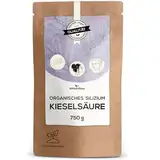 Kieselsäure Pulver 750 g Beutel | Organisches Silizium | Natürliche Kieselerde aus Kieselalgen | Diatomaceous earth | Haut, Haare, Nägel | Laborgeprüfte Qualität aus Österreich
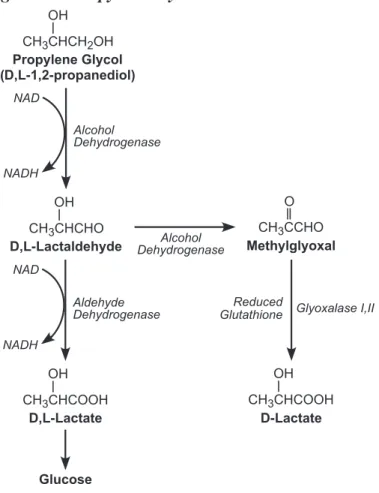 Figure 2-1. Propylene Glycol Metabolism in Mammals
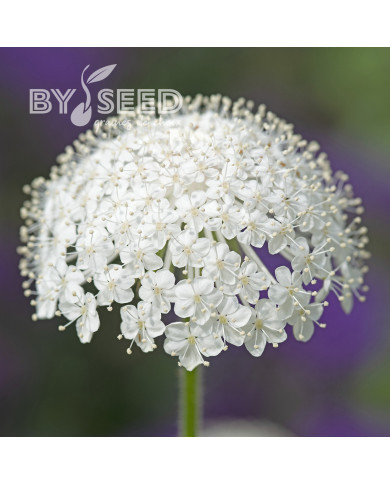 Didiscus (Trachymène) Lace White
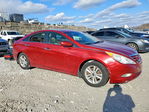 Hyundai Sonata 2013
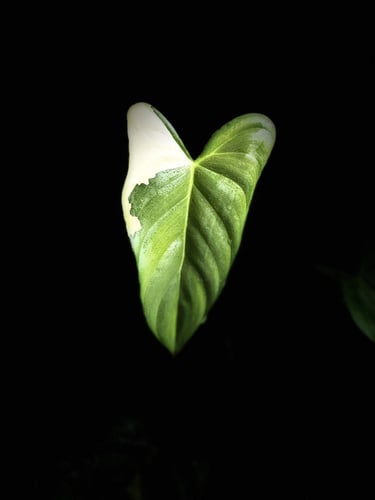 PHILODENDRON TOPICAL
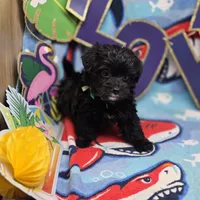 MiLu M B, a male Yorkipoo for sale in Vinemont, AL – 3 of 4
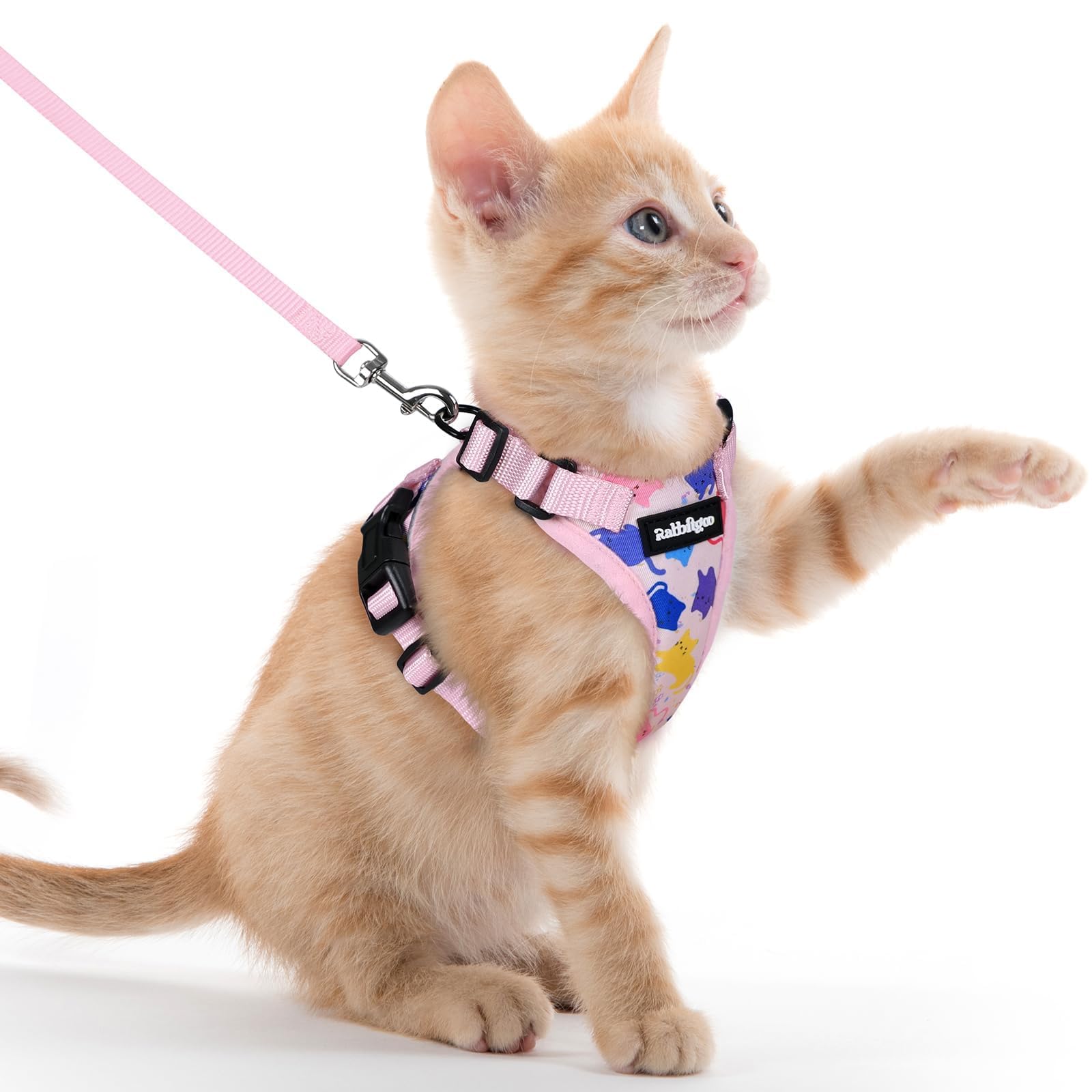 rabbitgoo Cat Harness and Leash Set, Escape Proof Vest, Emerald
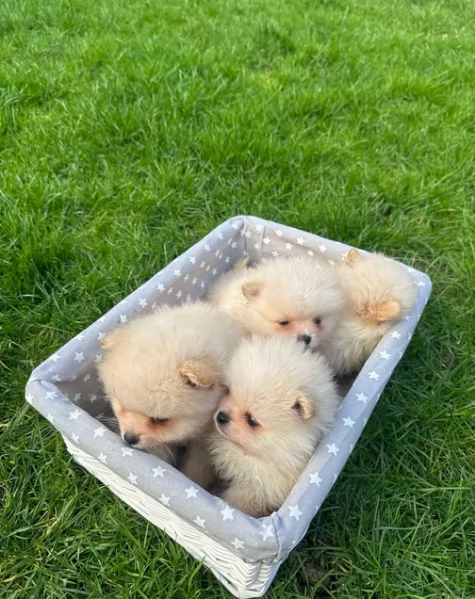 volpino pomerania toy per ladozione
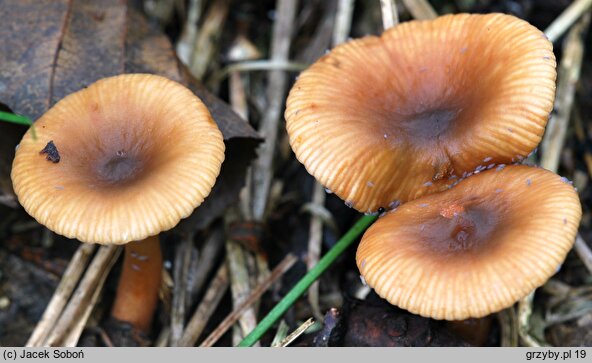 Mliečnik bledý (Lactarius tabidus)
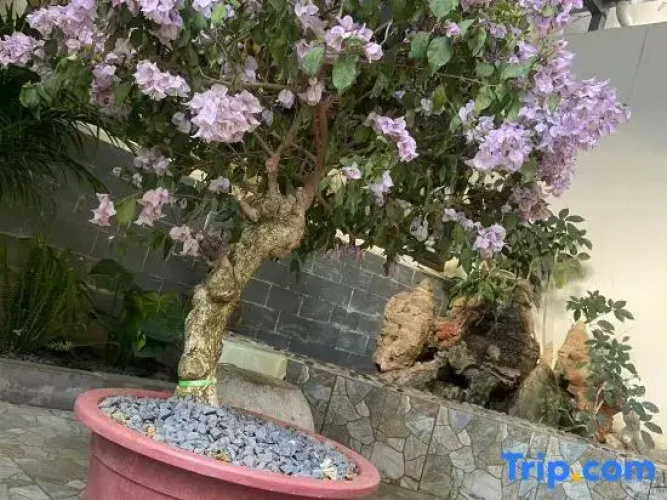 Pushe Homestay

---*---

Task: Please write out the lines from the one that holds "Hyundai Sonata 2013" through the end of the material, both ends included, exactly and with no pictures.

Task response:
 Hyundai Sonata 2013
 PHILODENDRON TOPICAL
 MiLu M B, a male Yorkipoo for sale in Vinemont, AL – 3 of 4
 rabbitgoo Cat Harness and Leash Set, Escape Proof Vest, Emerald
 volpino pomerania toy per ladozione
 Mliečnik bledý (Lactarius tabidus)
 Pushe Homestay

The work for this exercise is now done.